Coronas de las viudas con horas de visita escalonada desde muy temprano, ofrendas de los admiradores y de los diligentes publirrelacionistas cosindicalizados, listones y mantas que agredían con la altisonancia de sus lemas: “Eres el ídolo único”, “Sigues siendo insustituible”, “No fuiste sucesor de nadie ni tendrás sucesor”; maestros de ceremonia que hablaban con la misma solemnidad con que narrarían la deificable transmisión de un eclipse solar, oración fúnebre a cargo de una estrellita representante de la ANDA (Carmelita González) renaciendo de sus cenizas, mariachis cuyo nombre constituía una promoción viviente al centro turístico para el fin de semana de moda (Cocoyoc), canciones eternizadas en las radiodifusoras cerca de su corazón ranchero en pleno arrabal barrido por las obras del Metro, flores, mucha consternación, océanos de nostalgia, desatención a los discursos, más flores, ambiente de romería criolla o de ahorcamiento westernista, tensión de día de los muertos en un Mixquic desecado, llanto sólo reprimido por la autoexcitación, Pepe Infante cansado de imitar a su hermano en la oscura plaza de Zitácuaro, rosas, nardos, jazmines, gladiolas y claveles, flores silvestres, tumbas contiguas pisoteadas, acto de presencia del Club de Admiradoras de Pedro Infante, oficiales de tránsito que se sintieron inmortalizados hace veinte años en el escuadrón acrobático de A.T.M.,6 inextinguibles muestras de cariño necrofílico, exposición de fotografías en parabrisas asaltables, solicitud de autógrafos a los herederos, damas vestidas en inoportunos trajes de ceremonia, capellanes institucionales del panteón, coplas multicolores.

El firmamento fílmico mexicano acogía complacido los estragos de una Época Dorada que había sido ignorada incluso por quienes la vivieron, pero que querían prolongarla en un absoluto sin tiempo, sin traición ni engaño.
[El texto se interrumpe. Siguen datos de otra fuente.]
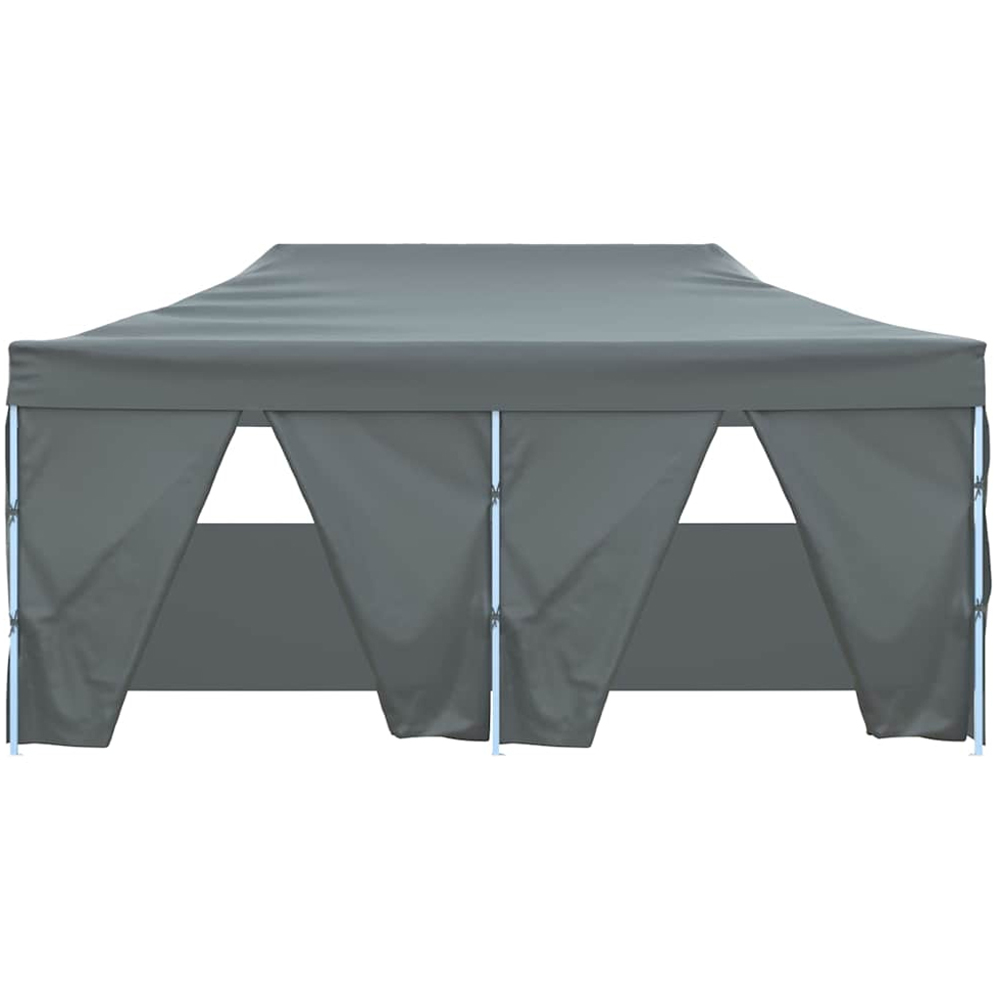 vidaXL 3 x 6m Anthracite Steel Foldable Party Tent with 4 Sidewalls Image 3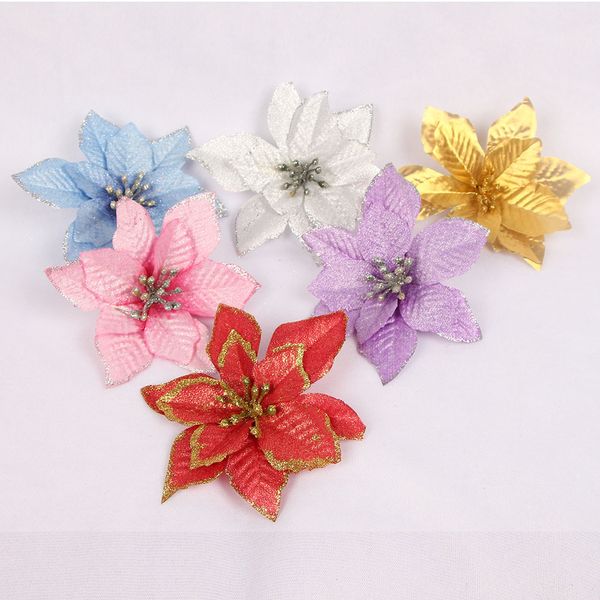

christmas tree fake flower decorations christmas tree wreath accessories 13 cm diameter multicolored christmas tree fowers dhl freight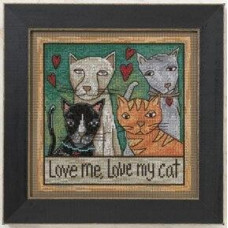 ST150202 Mill Hill Набір для вишивки рахунковим хрестиком + бісером - Любиш мене, люби мою кішку Love Me, Love My Cat 18x18 см, перфорований папір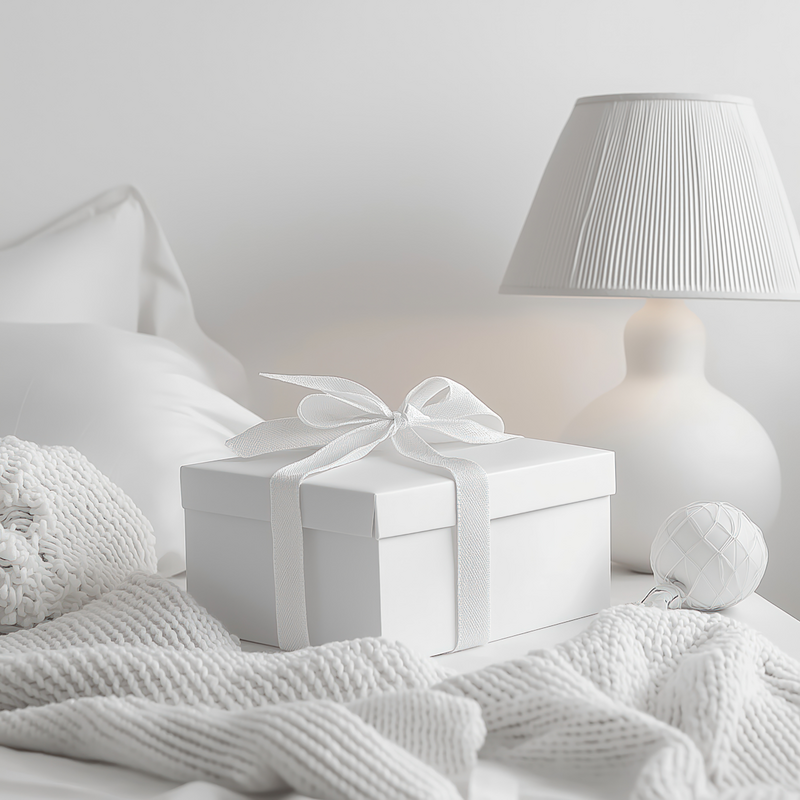 bílá krabice s bílou stuhou a mašlí na bílé posteli, v pozadí je bílá lampa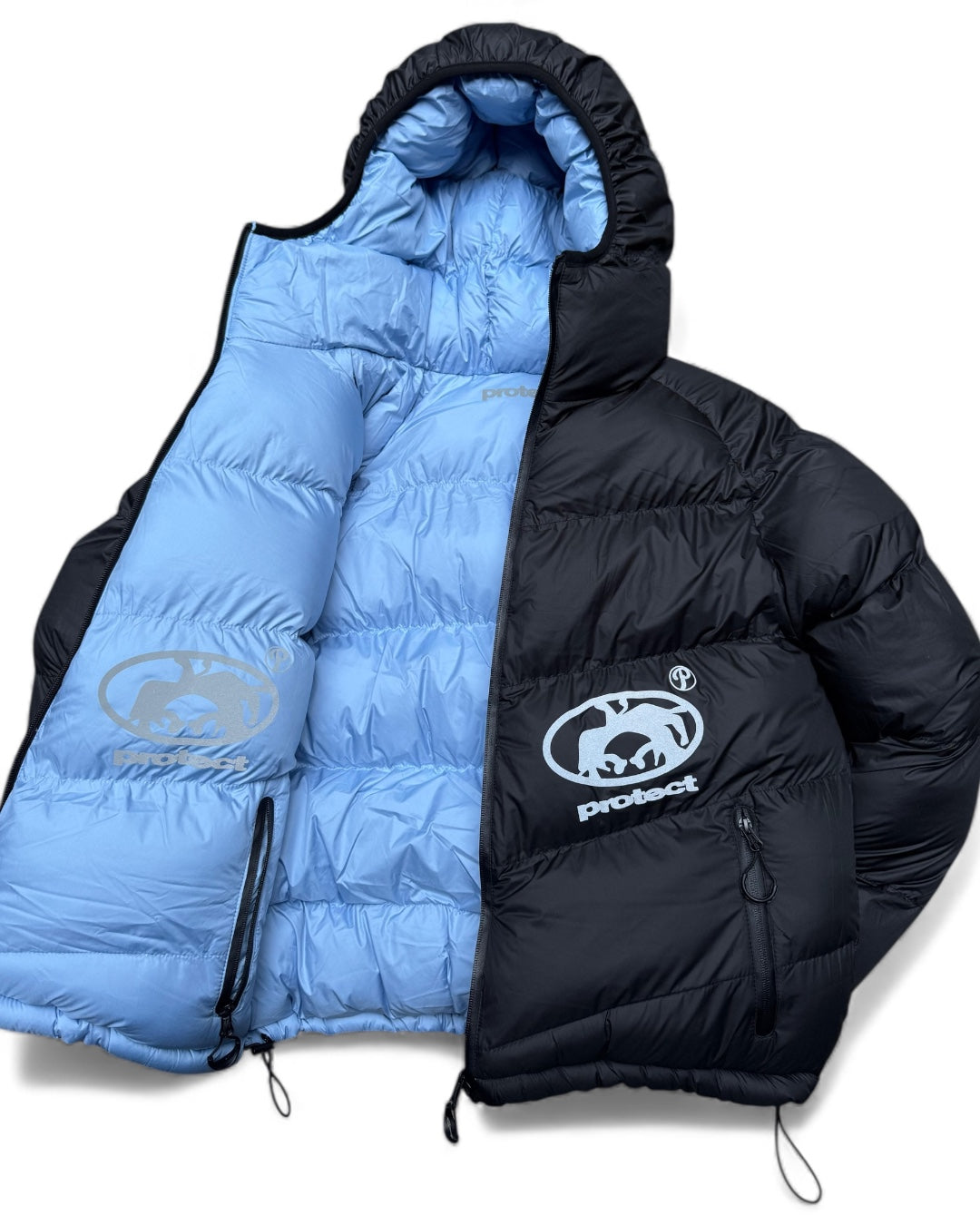 Protect London reversible puffer Black & Light Blue (Small)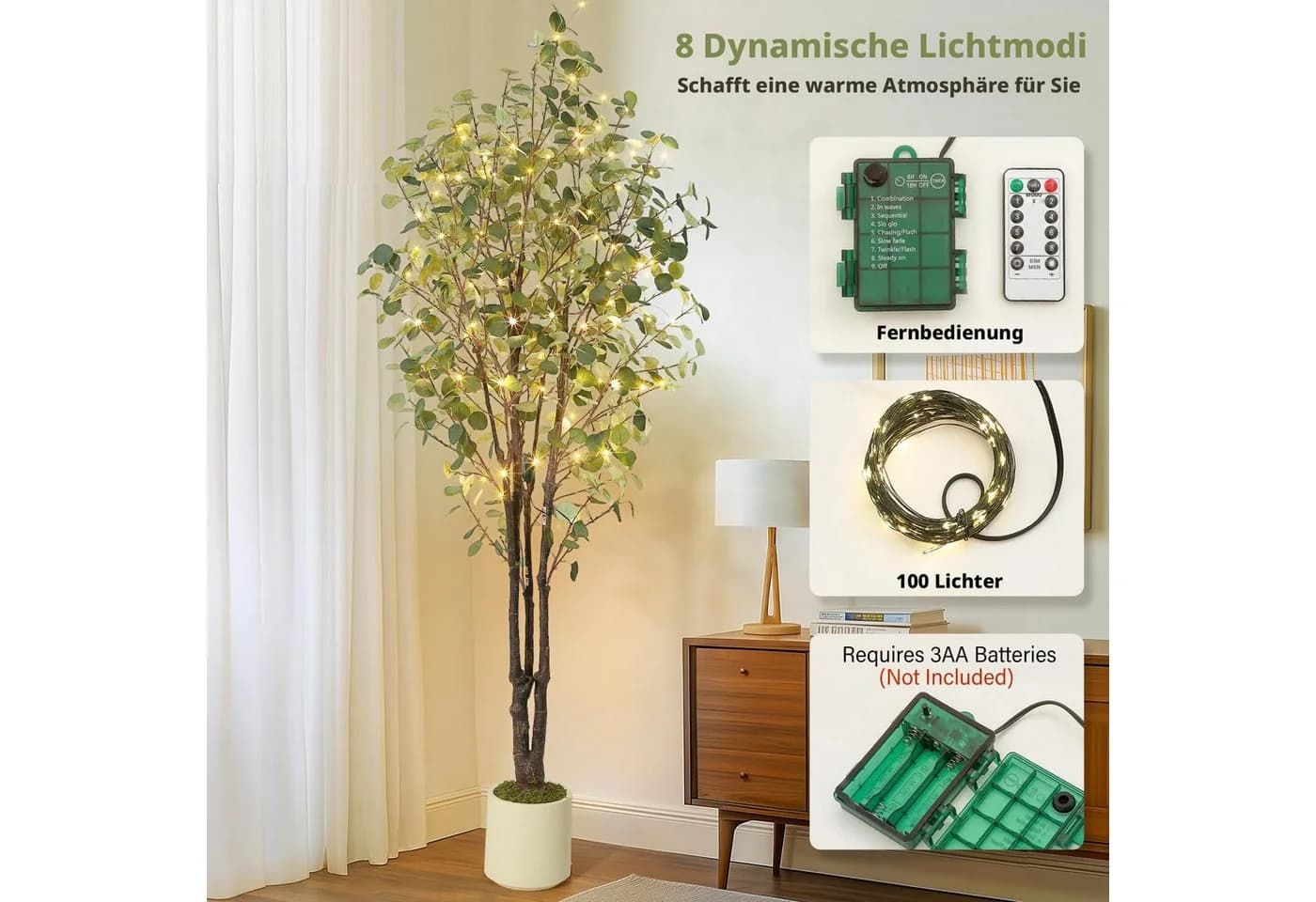 GarveeMore Kunstbaum mit LED Lichtern 210 cm Eukalyptus - Bild 5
Tal vez, si un “borrego” periodístico difundiera el esperado rumor del hallazgo del ídolo a salvo en la jungla lacandona, planeando su retorno estelar en la película El regreso del nieto de Pepe el Toro o Nosotros los hijos de Sánchez también somos pobres, magna joya de la cinematografía azteca que se exhibirá verticalmente en las dos docenas de cines que integran la vistosa y homogeneizada cartelera capitalina, nadie quedaría sorprendido. El paréntesis de una muerte supuesta, calumnia alimentada por la torpeza vendida de la gran prensa, se cerraría sobre la invulnerabilidad del pasado.

Pedro Infante sigue siendo el ideal del estereotipo mexicano y el objeto inobjetable de su enseñoreado proceso mental, detenido y consumado en el cine de barriada. Pedro Infante ya es nuestro Rodolfo Valentino, prometido a las viudas vicarias de fidelidad octogenaria. Pedro salió de la nada; era de naturaleza y destino superiores a los de Aquiles que (así sería bueno) era hijo de una diosa y tenía managers olímpicos. Pedro está despojado de asociaciones morbosas. Pedro es el milenario culto a la muerte que renace como fantasma del inconsciente. Pedro había derrotado por fin a Jorge Negrete y a su adinerada jactancia charra en el pugilato librado dentro de la entraña masiva. Pedro es la promesa de obtenerlo todo, mujeres, fama, simpatía, madre masoquista, padre autoritario, fortuna, amigos, por el envidiable hecho irrefutable de ser prototipo del macho querendón. Pedro es el milagro de un periodo historicosocial más allá de las impertinencias del tiempo y del desarrollo. Pedro se agiganta como mito producido y reforzado por un fanatismo a la altura de las circunstancias axiológicas. Pedro es la garantía de la movilidad social ascendente (de Necesito dinero a Ahora soy rico) sin perder el sentido del arraigo y las virtudes innatas de la pobreza. Pedro es el abogado de los más caros imposibles. Pedro es la abnegación de la virilidad enternecida en un mundo hostil.

Pedrito seguirá siendo la última entraña.